Le recensement de 1851 mentionne aussi que la famille Conroy vit toujours à l’hôtel avec leurs six enfants âgés entre 2 et 13 ans (James, Elenor, Maria, Robert, Charlotte, William). La famille compte plusieurs employés. Il y a la jeune gouvernante écossaise, Jane Gibb, qui est chargée des enfants. Les autres résidents de l’hôtel sont tous des employés de la famille Conroy sauf pour Georges S. Carter qui y installe son étude d’avocat en 1844. Les Conroy ont à leur service les servants Pat Kelly, un Irlandais catholique, Sam Bell, un irlandais presbytérien et Bridget Lynch, Ann Connelly, deux Irlandaises catholiques. Elisabeth Lowe est la seule employée d’origine américaine et le recensement indique aussi qu’elle est noire. L’entretien de l’hôtel revient aux journaliers Owen Sullivan, un irlandais catholique, Georges Cunningham, un irlandais n’affirmant pas sa religion et monsieur Fletchard, anglican anglais. Le recensement indique que le commis est un jeune Canadien catholique de 24 ans dénommé J. W. Carr.

L’hôtel devient rapidement un haut lieu d’activités et de festivités. Les premières élections municipales à Aylmer sont tenues à l’hôtel en 1847. « Et on prétend même qu’Aylmer aura été la première municipalité à connaitre des élections démocratiques au sein de l’Empire britannique, en dehors de la mère patrie » (Bégin, 1997 : 29). L’hôtel sert à la fois de salle d’assemblée au premier conseil municipal et en 1871, de Cour supérieure du district de l’Ottawa. Il s’y organise les réunions au sujet de la construction du premier chemin macadamisé à l’ouest de Montréal à partir du pont de l’Union aux chutes des Chaudières (Chemin d’Aylmer aujourd’hui). Un comité y prépare aussi la mise en candidature pour obtenir le nom d’Ottawa afin d’accueillir l’Assemblée législative permanente du Canada-Uni. Les francs-maçons de la région s’y réunissent. L’hôtel sert tantôt d’église et d’école.

Les festivités y sont aussi nombreuses. On y célèbre en toute élégance la naissance du Prince de Galles, le futur roi Édouard VII, en 1842. Plus tard, ce dernier vient d’ailleurs prononcer un discours du haut de la véranda de l’hôtel British en 1860. Le prince de Galles est alors en visite dans la région pour poser la première pierre de l’édifice du parlement d’Ottawa. L’hôtel a une élégante et vaste salle aménagée pour les bals et les fêtes. Il y a aussi une salle de billard équipée de tables luxueuses. La salle à manger invite les convives à une des grandes tables de la région offrant des vins, spiritueux et cidres d’excellentes qualités.

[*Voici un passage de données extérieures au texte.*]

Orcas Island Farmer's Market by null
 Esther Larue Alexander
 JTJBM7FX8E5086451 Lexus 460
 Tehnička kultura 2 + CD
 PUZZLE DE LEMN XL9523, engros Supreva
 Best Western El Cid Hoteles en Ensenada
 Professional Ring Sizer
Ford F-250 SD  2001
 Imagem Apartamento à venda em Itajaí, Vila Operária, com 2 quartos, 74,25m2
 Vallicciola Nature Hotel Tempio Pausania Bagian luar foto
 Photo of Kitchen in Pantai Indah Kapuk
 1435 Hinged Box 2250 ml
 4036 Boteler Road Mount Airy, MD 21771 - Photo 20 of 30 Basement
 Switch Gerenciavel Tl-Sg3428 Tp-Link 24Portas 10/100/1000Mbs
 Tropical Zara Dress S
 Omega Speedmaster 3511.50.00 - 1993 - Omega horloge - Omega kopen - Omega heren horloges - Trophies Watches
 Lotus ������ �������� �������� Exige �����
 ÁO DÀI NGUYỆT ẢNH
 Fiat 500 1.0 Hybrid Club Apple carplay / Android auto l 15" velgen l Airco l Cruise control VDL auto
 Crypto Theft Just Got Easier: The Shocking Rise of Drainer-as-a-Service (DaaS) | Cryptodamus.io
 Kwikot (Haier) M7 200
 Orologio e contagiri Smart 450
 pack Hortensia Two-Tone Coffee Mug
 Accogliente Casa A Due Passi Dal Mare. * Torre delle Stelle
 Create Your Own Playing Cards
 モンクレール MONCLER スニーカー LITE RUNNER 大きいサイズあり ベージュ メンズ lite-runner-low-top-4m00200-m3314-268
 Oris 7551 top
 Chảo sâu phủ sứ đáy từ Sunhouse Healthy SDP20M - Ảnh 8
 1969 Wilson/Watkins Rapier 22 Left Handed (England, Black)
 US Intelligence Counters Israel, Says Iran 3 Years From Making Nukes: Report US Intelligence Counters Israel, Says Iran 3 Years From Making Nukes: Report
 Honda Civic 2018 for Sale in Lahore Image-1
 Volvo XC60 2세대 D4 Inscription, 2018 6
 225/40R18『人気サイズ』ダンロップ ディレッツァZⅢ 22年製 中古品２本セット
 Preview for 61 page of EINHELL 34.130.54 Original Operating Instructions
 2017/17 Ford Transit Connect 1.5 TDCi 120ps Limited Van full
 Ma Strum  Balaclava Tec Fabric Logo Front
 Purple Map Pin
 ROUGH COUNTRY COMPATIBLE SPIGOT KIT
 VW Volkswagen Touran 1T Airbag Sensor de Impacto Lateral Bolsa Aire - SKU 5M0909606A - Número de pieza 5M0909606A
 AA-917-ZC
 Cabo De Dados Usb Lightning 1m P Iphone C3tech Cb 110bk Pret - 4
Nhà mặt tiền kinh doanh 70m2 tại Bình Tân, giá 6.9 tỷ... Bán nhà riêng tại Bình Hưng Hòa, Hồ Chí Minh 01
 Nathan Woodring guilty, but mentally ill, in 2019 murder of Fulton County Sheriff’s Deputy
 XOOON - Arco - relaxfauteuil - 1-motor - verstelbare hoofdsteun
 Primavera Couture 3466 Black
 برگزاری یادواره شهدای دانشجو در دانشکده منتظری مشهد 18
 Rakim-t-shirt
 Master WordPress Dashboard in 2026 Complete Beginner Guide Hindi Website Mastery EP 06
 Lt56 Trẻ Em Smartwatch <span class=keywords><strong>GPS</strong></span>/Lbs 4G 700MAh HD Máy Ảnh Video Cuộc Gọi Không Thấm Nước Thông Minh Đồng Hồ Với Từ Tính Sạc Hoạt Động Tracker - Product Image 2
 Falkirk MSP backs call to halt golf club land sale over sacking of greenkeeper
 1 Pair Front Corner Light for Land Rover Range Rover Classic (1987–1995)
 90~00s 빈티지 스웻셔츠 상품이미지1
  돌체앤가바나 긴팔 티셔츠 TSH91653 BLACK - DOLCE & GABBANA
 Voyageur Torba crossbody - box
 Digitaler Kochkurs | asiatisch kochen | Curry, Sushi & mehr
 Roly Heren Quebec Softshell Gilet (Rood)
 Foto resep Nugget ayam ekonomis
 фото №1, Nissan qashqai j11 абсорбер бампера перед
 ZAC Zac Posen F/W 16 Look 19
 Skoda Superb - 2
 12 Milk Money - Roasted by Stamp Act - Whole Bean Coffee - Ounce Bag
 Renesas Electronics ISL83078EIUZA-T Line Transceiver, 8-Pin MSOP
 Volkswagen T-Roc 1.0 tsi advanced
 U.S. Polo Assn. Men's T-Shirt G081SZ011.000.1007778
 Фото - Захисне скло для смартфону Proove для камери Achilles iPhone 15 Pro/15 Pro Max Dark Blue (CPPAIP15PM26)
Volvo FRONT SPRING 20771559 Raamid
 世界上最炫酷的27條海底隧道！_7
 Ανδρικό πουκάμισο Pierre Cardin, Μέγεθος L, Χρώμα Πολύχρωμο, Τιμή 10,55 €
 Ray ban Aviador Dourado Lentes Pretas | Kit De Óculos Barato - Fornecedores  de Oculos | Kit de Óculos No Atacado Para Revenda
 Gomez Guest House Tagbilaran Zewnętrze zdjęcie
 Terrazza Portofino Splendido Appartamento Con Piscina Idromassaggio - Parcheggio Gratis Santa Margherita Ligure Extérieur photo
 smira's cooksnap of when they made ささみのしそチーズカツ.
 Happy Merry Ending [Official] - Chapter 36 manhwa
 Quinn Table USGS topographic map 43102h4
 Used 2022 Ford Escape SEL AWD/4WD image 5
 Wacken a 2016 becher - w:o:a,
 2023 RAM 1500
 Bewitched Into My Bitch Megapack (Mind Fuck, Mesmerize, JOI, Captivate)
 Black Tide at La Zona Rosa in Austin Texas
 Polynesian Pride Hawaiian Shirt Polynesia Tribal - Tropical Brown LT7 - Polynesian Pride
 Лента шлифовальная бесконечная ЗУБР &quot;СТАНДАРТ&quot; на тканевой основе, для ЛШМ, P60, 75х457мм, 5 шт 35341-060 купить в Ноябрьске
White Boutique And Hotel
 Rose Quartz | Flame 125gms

Il y a peu de registres de l’hôtel qui ont survécu jusqu’à ce jour. Il est alors difficile de connaitre l’historique des occupants de ce vieux bâtiment de l’inventaire immobilier de la famille Conroy. Robert Conroy opère l’hôtel jusqu’à son décès en 1868. Son épouse Mary prend la relève jusqu’en 1887. Elle saura enchantée de sa voix ses invités lors d’une soirée mondaine où s’annoncent joyeusement les résultats des élections fédérales le 18 septembre 1878. Le maître de cérémonie, révérend Robinson, annonce que John Alexander Macdonald est élu. « Tout le monde a applaudi chaudement l’annonce[4] ». Il n’y a aucune trace des transactions à l’hôtel pendant que les premiers propriétaires gèrent l’hôtel British. Le couple loue leurs opérations hôtelières à partir de 1850 voulant se concentrer davantage dans le commerce du bois et l’exploitation de leur ferme aux rapides de Deschênes. L’hôtel demeure toutefois un bien de la famille Conroy jusqu’en 1902.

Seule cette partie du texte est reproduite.